A customizable grammar-based framework for user-intent text classification
Student thesis: Doctoral Thesis
In real-life classification problems, prior information about the problem and expert knowledge about the domain are often used to obtain reliable and consistent solutions. This is especially true in fields where the data is ambiguous, such as text, in which the same words can be used in seemingly similar texts but have a different meaning. Many of the proposed approaches rely on the bag-of-words representation, which loses the information about the structure of the text. In this thesis, a literature review of related works in text classification is provided which includes an overview of text classification methods. In addition, detailed review of related works of two text classification domains; search engines and question answering systems. The core contribution is divided into three main parts.

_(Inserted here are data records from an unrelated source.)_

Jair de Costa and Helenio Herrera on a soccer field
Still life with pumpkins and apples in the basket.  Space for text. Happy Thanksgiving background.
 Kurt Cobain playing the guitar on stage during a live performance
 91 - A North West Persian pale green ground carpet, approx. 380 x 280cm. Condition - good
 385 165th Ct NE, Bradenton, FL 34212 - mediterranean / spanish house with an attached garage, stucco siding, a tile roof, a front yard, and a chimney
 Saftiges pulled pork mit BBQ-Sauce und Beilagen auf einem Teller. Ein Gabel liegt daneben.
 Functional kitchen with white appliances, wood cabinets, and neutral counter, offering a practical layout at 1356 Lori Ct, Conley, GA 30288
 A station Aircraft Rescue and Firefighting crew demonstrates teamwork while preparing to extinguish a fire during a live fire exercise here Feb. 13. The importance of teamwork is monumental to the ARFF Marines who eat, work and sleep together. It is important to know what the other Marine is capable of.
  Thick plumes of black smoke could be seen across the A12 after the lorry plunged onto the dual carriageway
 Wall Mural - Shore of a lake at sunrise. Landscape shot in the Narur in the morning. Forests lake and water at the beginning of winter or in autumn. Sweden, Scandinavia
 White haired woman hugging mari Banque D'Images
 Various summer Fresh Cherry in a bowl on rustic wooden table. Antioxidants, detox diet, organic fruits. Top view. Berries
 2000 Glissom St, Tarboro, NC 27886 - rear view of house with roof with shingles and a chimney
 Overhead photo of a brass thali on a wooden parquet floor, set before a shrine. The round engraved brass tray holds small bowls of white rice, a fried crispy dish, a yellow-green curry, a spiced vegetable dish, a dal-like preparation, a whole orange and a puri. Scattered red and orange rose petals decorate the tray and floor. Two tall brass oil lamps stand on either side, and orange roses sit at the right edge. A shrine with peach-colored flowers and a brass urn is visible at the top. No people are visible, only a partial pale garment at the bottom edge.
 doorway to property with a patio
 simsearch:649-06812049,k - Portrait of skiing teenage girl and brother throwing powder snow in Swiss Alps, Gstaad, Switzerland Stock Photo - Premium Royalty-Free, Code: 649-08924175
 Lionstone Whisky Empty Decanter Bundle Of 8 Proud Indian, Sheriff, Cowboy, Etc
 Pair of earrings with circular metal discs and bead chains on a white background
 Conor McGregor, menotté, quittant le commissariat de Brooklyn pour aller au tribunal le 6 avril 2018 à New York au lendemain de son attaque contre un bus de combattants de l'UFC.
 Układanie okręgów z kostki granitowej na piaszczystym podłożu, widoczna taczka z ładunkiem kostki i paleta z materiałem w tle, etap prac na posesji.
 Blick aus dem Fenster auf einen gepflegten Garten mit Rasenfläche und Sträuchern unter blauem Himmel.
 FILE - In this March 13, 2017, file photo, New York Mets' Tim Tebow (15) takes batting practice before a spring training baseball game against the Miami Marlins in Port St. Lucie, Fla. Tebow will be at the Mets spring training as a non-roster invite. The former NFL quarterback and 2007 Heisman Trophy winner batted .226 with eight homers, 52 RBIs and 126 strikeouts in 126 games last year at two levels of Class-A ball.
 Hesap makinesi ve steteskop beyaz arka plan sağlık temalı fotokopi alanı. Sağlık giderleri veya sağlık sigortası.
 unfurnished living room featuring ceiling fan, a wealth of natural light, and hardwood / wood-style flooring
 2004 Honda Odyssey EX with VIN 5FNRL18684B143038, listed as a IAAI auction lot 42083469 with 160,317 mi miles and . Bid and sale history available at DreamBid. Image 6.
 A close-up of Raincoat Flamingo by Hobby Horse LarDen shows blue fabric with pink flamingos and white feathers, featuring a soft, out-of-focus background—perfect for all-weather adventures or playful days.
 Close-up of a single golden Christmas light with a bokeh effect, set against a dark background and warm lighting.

The first contribution is the Customizable Grammar Framework for user-intent text classification (CGF) which employs a formal grammar approach and exploits domain-related information in a new way to represent text as a series of syntactic categories forming syntactic patterns. In addition, the proposed framework has been applied to different domains which resulted in the second and third contribution. The second contribution is the Grammar-Based Framework for Query Classification (GQC) which helped in the improvement of query identification and classification. The third contribution is the Grammar-Based Framework for Question Categorization and Classification (GQCC) which helped in the enhancement of question identification and classification. In addition, using different machine learning algorithms the overall results show that the proposed approach outperforms previous ones in terms of classification performance for query and question classifications. Finally, comparison of the classification performance with the state-of-the-art approaches has been conducted, results validate that the proposed approach improves the classification accuracy and the identification of the different types of queries and questions.